Unseen categories (or a training category with $n = 1$ ) → fall back to the global target mean.

Worked Example

We reuse the Favorite color dataset (target = Likes Movie). Focus on the Green color, which has 4 training rows (rows 3, 5, 6, 7):

For Green: sum $\sum_{j \in C} y_{j} = 1 + 1 + 0 + 0 = 2$ , count $n = 4$ .
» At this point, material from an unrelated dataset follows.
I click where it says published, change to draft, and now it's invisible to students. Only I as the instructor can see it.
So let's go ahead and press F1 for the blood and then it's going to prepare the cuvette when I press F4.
Applying ${\hat{x}}_{i} = \frac{\sum_{j \in C} y_{j} - y_{i}}{n - 1} = \frac{2 - y_{i}}{3}$ :

Row	Favorite	Target $(y)$		LOO encoding ${\hat{x}}_{i} = \frac{2 - y_{i}}{3}$	Standard Target Encoding
3	Green	1	Excludes its own target value of 1.	$\frac{2 - 1}{4 - 1} = \frac{1}{3} = 0.33$	$0.50$
5	Green	1	Excludes its own target value of 1.	$\frac{2 - 1}{4 - 1} = \frac{1}{3} = 0.33$	$0.50$
6	Green	0	Excludes its own target value of 0.	$\frac{2 - 0}{4 - 1} = \frac{2}{3} = 0.67$	$0.50$
7	Green	0	Excludes its own target value of 0.	$\frac{2 - 0}{4 - 1} = \frac{2}{3} = 0.67$	$0.50$

Notice that two identical Green rows can receive different encodings depending on their own target — rows that liked the movie get a slightly lower Green score (because their own 1 was removed), and rows that didn't get a slightly higher one. This tiny per-row variation is what prevents the model from memorizing the answer.
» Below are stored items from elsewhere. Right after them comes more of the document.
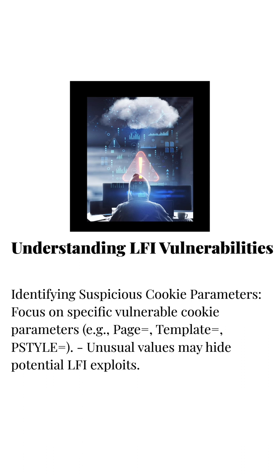Identifying Suspicious Cookie Parameters: focus on specific vulnerable cookie parameters. Unusual values may hide potential LFI exploits.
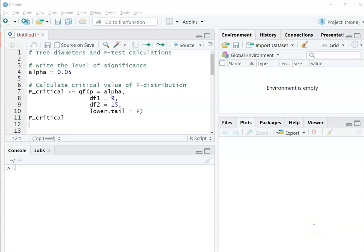This video will show you how to do an F-test for variances. We're going to use the tree diameter example. Now, these calculations are pretty straightforward.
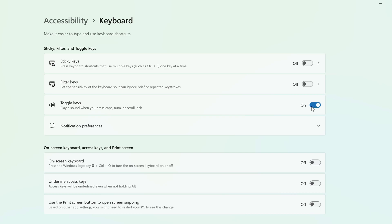Now, when you press Caps Lock, Num Lock, or Scroll Lock, you'll hear an audible beep when it's enabling or disabling.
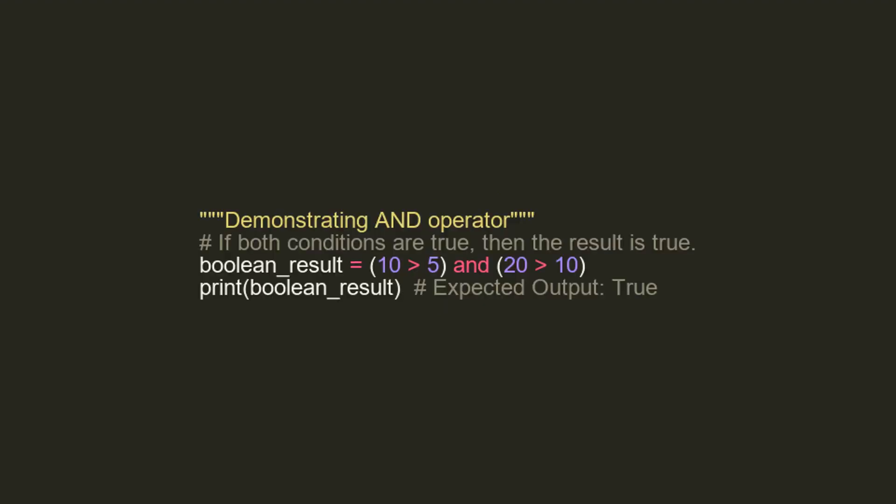In this code snippet, we are going to demonstrate the AND operator. The AND operator checks both conditions and yields true if both conditions are true. Here we compare 10 to 5 and 20 to 10. As both comparisons are indeed true, our AND comparison also gives us the output true.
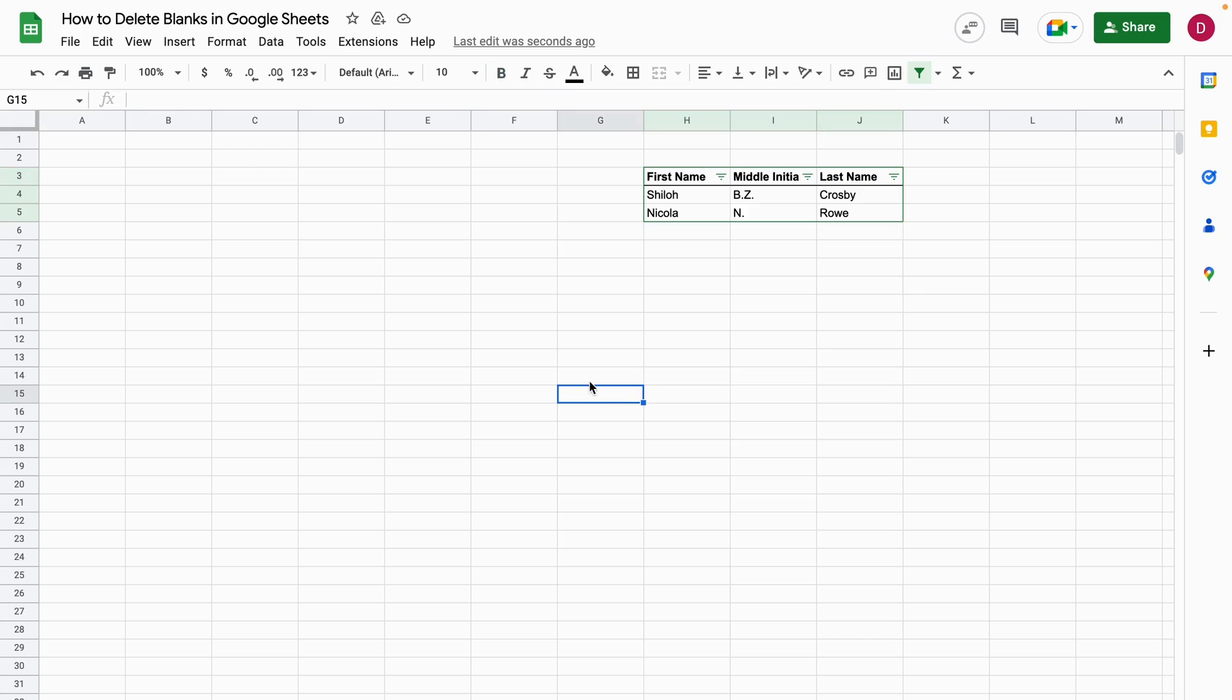So this is how to delete blanks in Google Sheets. If you want to get better at Google Sheets, please subscribe to this channel and follow along. Thank you so much for watching and goodbye.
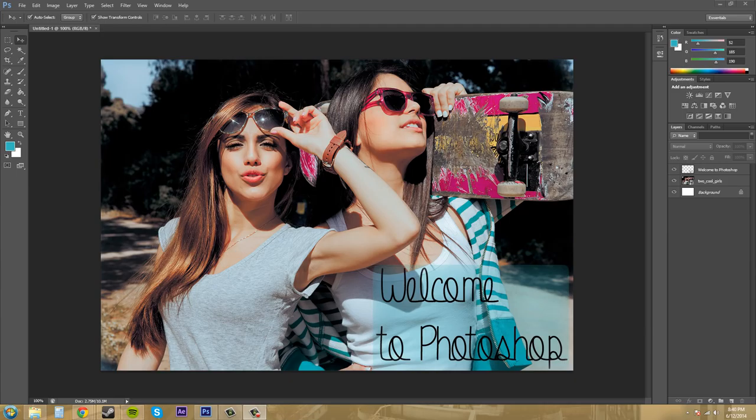Hey everybody, how you doing? Welcome to your very first Photoshop CS6 tutorial.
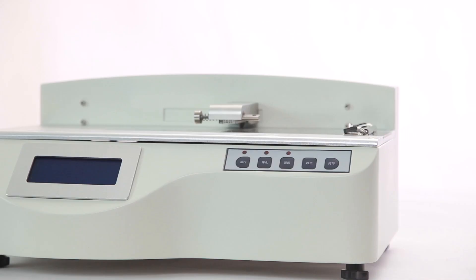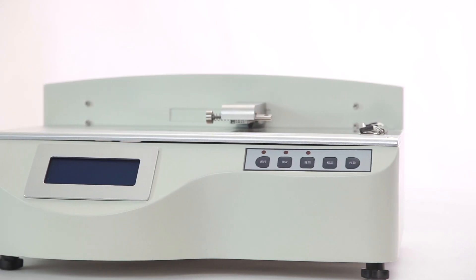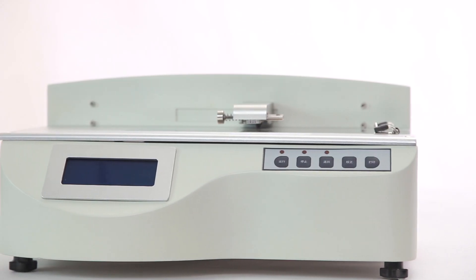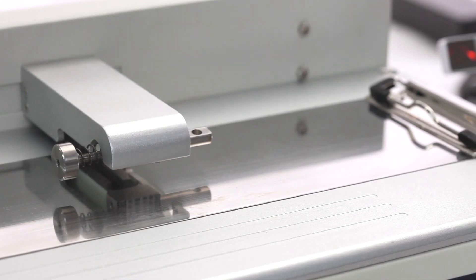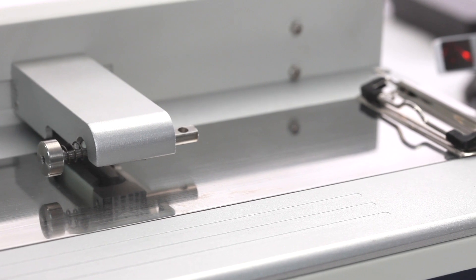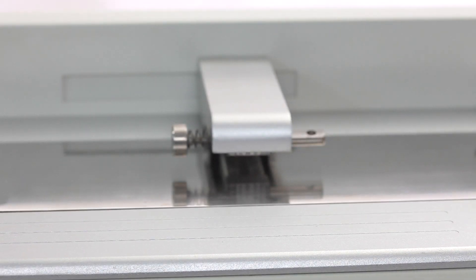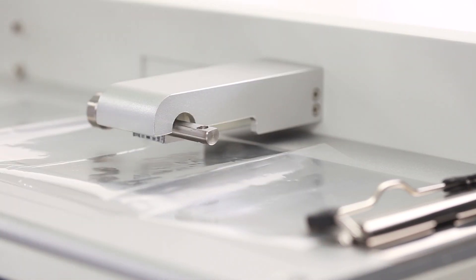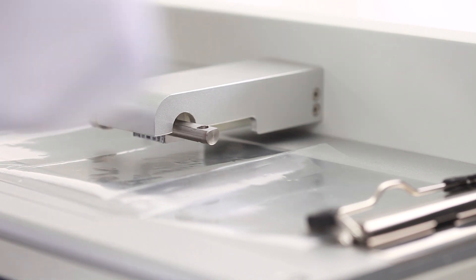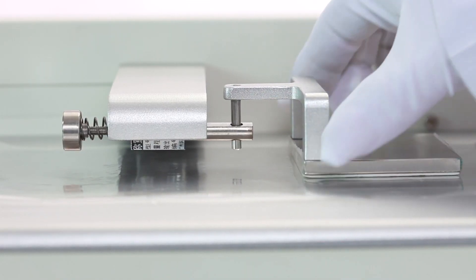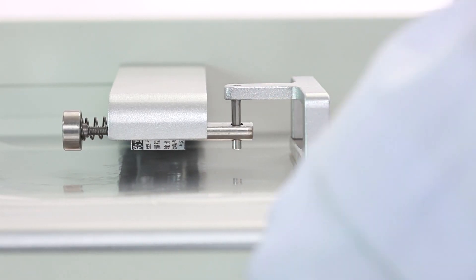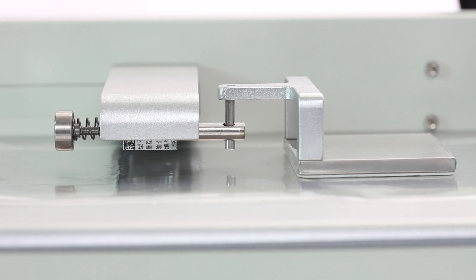GM1 and GM4 coefficient of friction test to test the static and kinetic coefficient of friction to evaluate the smoothness and deepness of plastic film, paper and other materials used in the industries of packaging, plastic film.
Encoding the test set: the model acts exactly like standard target encoding — test rows map to the full, unadjusted mean from the training group. A Green test row uses $S / n = 2 / 4 = 0.50$ (nothing to leave out, since the test target is unknown).

Ordered vs K-Fold vs LOO

Aspect	K-Fold	Leave-One-Out	Ordered
What is hidden	A whole fold	A single row	All "future" rows
History used per row	Other $K - 1$ folds	All other same-category rows	Only prior same-category rows
Leakage protection	Strong	Strongest per-row, but leak-prone	Strong, streaming-safe
Variance	Low	High	Reduced by averaging permutations
Best known for	General pipelines	Kaggle-style quick features	CatBoost built-in encoding

Why Use It (and When Not To)

✅ Maximum data usage: every row except one contributes to each encoding, so almost no data is "wasted."
✅ Fast: the sum/count formula avoids re-fitting per fold.
⚠️ Prone to overfitting: because only one row is removed, the encoding still carries a faint trace of structure that flexible models (e.g., gradient boosting) can latch onto. In practice LOO is almost always paired with additive noise or smoothing to blur this trace.
⚠️ Unstable for rare categories: with $n = 2$ , LOO reduces to "the other single row's target," which is pure noise; categories with $n = 1$ have no other row at all and must fall back to the global mean.

Practical tip

LOO is popular in Kaggle-style pipelines for its simplicity and speed, but it is more leakage-prone than K-Fold. If you use it, add a small amount of Gaussian noise to the training encodings (e.g., multiply by $1 + N (0, σ)$ ) and combine with smoothing to keep rare-category estimates stable.